TASK TO CARRY OUT.
Take the records below and set down exactly the lines from the one with "Photo 1 of Single" to the one with "Tensioner Pulley, timing", ends included; do not copy the pictures.

STORED DATA.

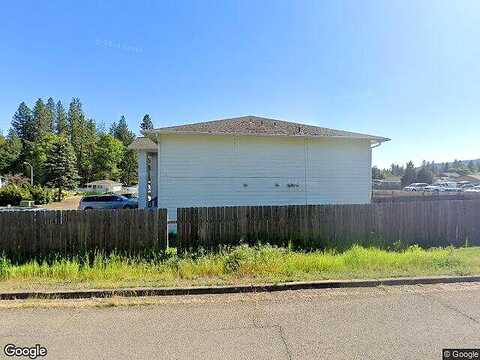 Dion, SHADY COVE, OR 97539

* * *

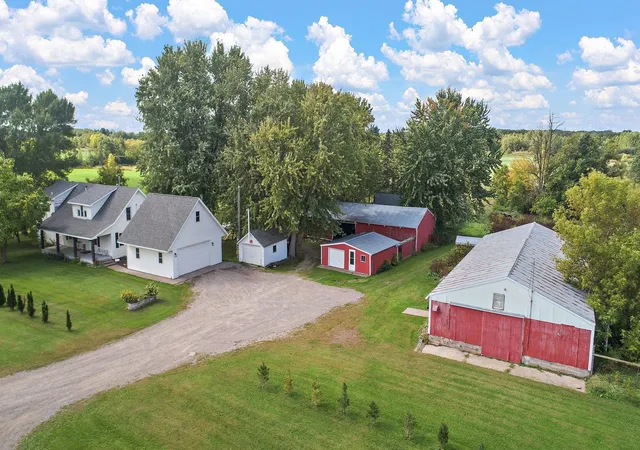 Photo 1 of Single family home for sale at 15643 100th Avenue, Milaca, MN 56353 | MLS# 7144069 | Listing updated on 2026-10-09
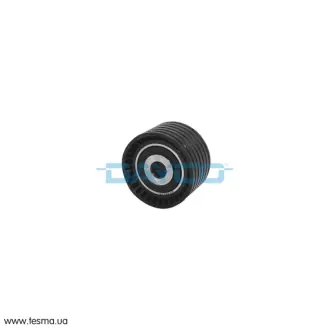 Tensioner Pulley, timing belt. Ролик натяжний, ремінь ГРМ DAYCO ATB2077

WRITTEN ANSWER.
 Photo 1 of Single family home for sale at 15643 100th Avenue, Milaca, MN 56353 | MLS# 7144069 | Listing updated on 2026-10-09
 Tensioner Pulley, timing belt. Ролик натяжний, ремінь ГРМ DAYCO ATB2077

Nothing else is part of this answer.